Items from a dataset

┌────────

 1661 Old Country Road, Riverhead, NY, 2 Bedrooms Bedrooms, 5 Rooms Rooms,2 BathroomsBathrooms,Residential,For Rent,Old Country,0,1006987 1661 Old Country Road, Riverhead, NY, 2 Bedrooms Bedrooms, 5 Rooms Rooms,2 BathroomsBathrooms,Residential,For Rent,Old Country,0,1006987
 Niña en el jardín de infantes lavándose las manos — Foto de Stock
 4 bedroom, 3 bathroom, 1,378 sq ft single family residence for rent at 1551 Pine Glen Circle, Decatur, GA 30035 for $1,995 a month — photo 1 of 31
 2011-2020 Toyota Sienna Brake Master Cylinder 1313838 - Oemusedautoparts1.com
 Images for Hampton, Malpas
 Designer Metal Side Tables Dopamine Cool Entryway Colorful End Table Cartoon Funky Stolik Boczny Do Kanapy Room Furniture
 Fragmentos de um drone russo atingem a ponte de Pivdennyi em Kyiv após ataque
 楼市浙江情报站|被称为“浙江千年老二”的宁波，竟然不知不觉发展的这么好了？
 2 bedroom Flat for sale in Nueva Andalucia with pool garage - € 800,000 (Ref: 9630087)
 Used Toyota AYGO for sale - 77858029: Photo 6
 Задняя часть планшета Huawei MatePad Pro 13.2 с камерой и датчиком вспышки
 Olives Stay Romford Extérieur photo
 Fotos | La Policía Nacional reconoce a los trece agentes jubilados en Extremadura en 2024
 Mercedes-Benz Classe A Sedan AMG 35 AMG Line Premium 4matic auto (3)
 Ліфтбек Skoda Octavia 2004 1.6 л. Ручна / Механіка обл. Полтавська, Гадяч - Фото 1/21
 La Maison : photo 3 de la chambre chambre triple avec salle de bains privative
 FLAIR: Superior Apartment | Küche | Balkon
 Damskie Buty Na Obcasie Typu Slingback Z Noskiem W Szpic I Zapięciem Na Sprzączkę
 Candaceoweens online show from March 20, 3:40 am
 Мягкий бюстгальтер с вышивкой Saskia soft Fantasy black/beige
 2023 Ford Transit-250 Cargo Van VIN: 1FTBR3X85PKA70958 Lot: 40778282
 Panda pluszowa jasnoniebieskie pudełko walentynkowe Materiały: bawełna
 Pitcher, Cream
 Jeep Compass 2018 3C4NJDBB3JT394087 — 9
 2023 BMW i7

└────────

What is expected: The response should consist of every record, written out exactly as given.

Answer box:
 1661 Old Country Road, Riverhead, NY, 2 Bedrooms Bedrooms, 5 Rooms Rooms,2 BathroomsBathrooms,Residential,For Rent,Old Country,0,1006987 1661 Old Country Road, Riverhead, NY, 2 Bedrooms Bedrooms, 5 Rooms Rooms,2 BathroomsBathrooms,Residential,For Rent,Old Country,0,1006987
 Niña en el jardín de infantes lavándose las manos — Foto de Stock
 4 bedroom, 3 bathroom, 1,378 sq ft single family residence for rent at 1551 Pine Glen Circle, Decatur, GA 30035 for $1,995 a month — photo 1 of 31
 2011-2020 Toyota Sienna Brake Master Cylinder 1313838 - Oemusedautoparts1.com
 Images for Hampton, Malpas
 Designer Metal Side Tables Dopamine Cool Entryway Colorful End Table Cartoon Funky Stolik Boczny Do Kanapy Room Furniture
 Fragmentos de um drone russo atingem a ponte de Pivdennyi em Kyiv após ataque
 楼市浙江情报站|被称为“浙江千年老二”的宁波，竟然不知不觉发展的这么好了？
 2 bedroom Flat for sale in Nueva Andalucia with pool garage - € 800,000 (Ref: 9630087)
 Used Toyota AYGO for sale - 77858029: Photo 6
 Задняя часть планшета Huawei MatePad Pro 13.2 с камерой и датчиком вспышки
 Olives Stay Romford Extérieur photo
 Fotos | La Policía Nacional reconoce a los trece agentes jubilados en Extremadura en 2024
 Mercedes-Benz Classe A Sedan AMG 35 AMG Line Premium 4matic auto (3)
 Ліфтбек Skoda Octavia 2004 1.6 л. Ручна / Механіка обл. Полтавська, Гадяч - Фото 1/21
 La Maison : photo 3 de la chambre chambre triple avec salle de bains privative
 FLAIR: Superior Apartment | Küche | Balkon
 Damskie Buty Na Obcasie Typu Slingback Z Noskiem W Szpic I Zapięciem Na Sprzączkę
 Candaceoweens online show from March 20, 3:40 am
 Мягкий бюстгальтер с вышивкой Saskia soft Fantasy black/beige
 2023 Ford Transit-250 Cargo Van VIN: 1FTBR3X85PKA70958 Lot: 40778282
 Panda pluszowa jasnoniebieskie pudełko walentynkowe Materiały: bawełna
 Pitcher, Cream
 Jeep Compass 2018 3C4NJDBB3JT394087 — 9
 2023 BMW i7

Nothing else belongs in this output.